● **Problem to solve**
Write down the lines exactly as they appear, from the one that contains "Jada Jada Porsche" through the final line of the records, so that both ends are kept and no pictures come along.

● **Material for this exercise**
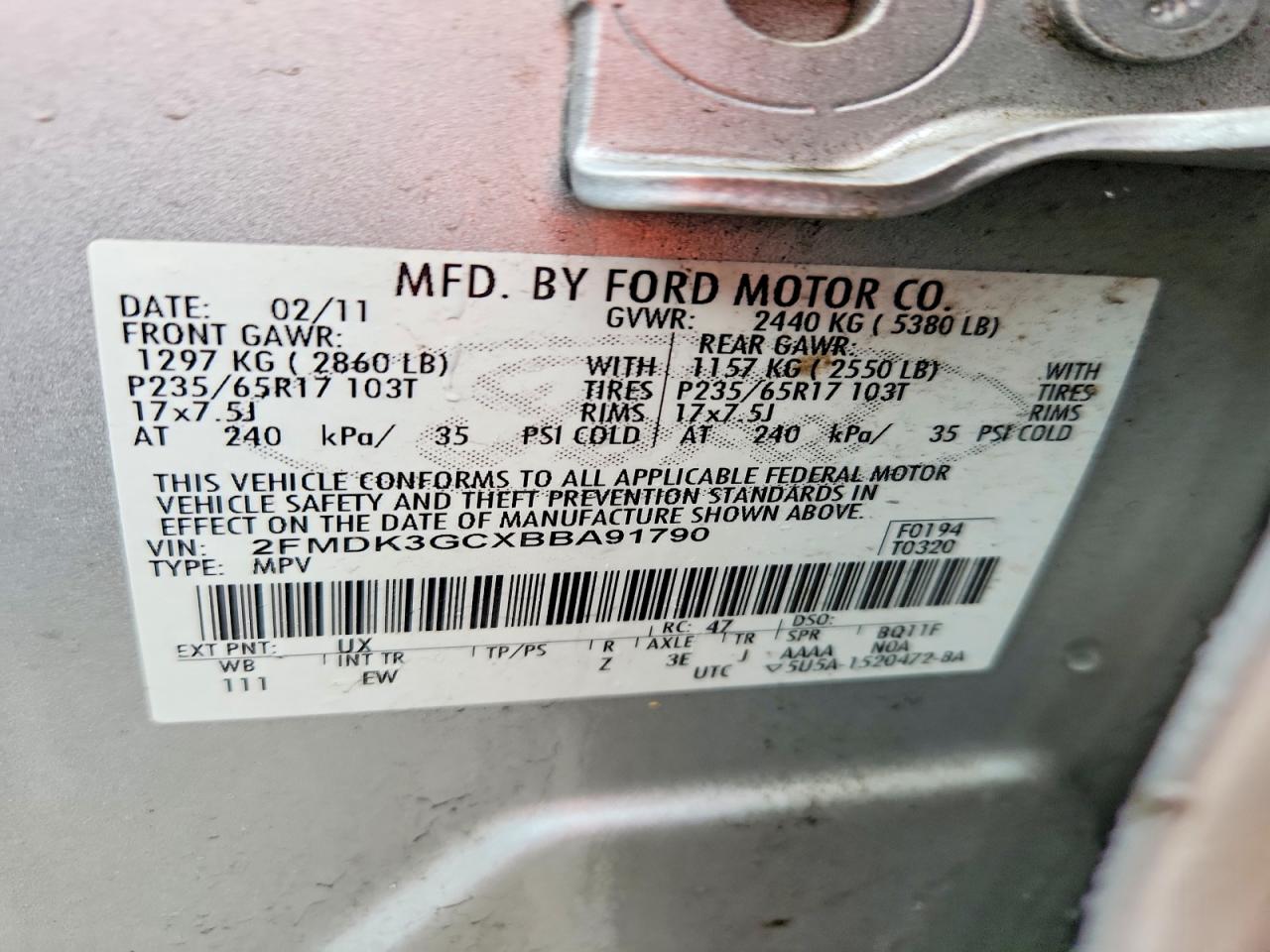 2011 FORD EDGE SE photo 40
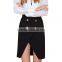 Girls Black Front Split OL style Fitted Short Skirt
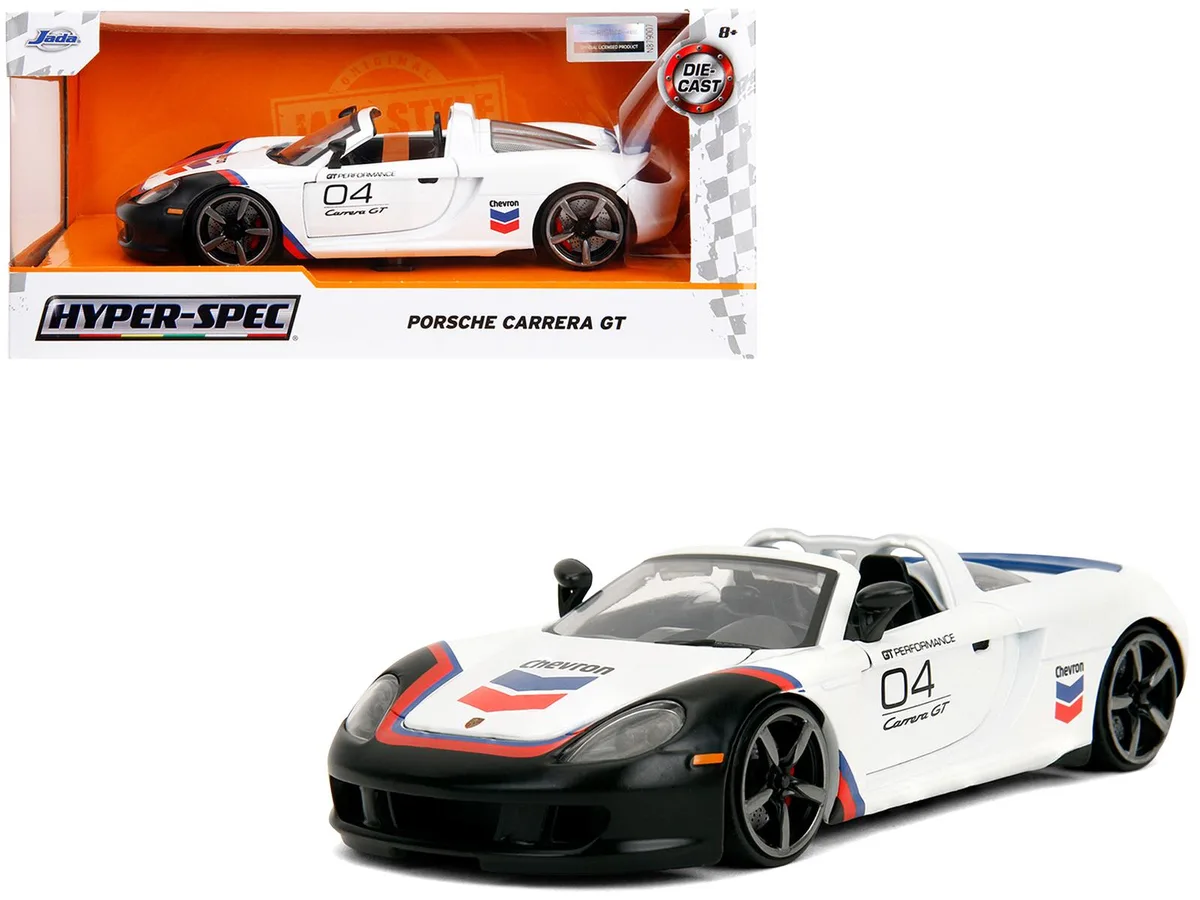Jada Jada Porsche Carrera GT Convertible #04 "Chevron" White Hyper-Spec 1/24 Diecast hobby collectible — product photo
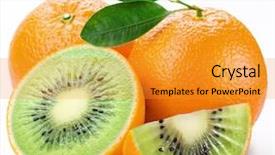  Presentation with kiwi - Colorful PPT theme enhanced with orange product of genetic engineering backdrop and a gold colored foreground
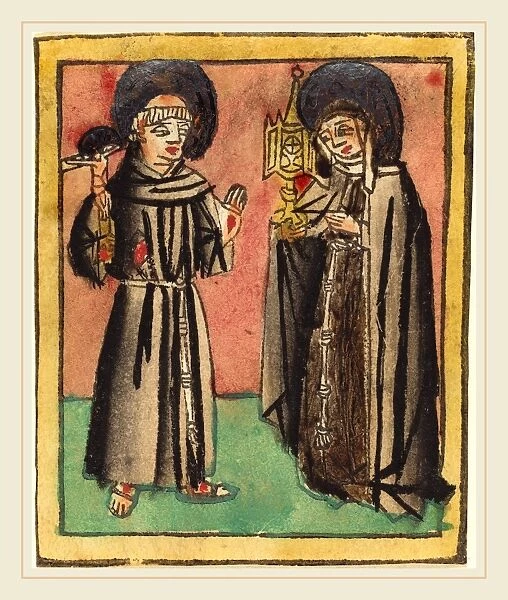 German 15th Century, Saint Francis and Saint Clara, 1450-1470, woodcut, hand-colored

● **Response below**
Jada Jada Porsche Carrera GT Convertible #04 "Chevron" White Hyper-Spec 1/24 Diecast hobby collectible — product photo
  Presentation with kiwi - Colorful PPT theme enhanced with orange product of genetic engineering backdrop and a gold colored foreground
 German 15th Century, Saint Francis and Saint Clara, 1450-1470, woodcut, hand-colored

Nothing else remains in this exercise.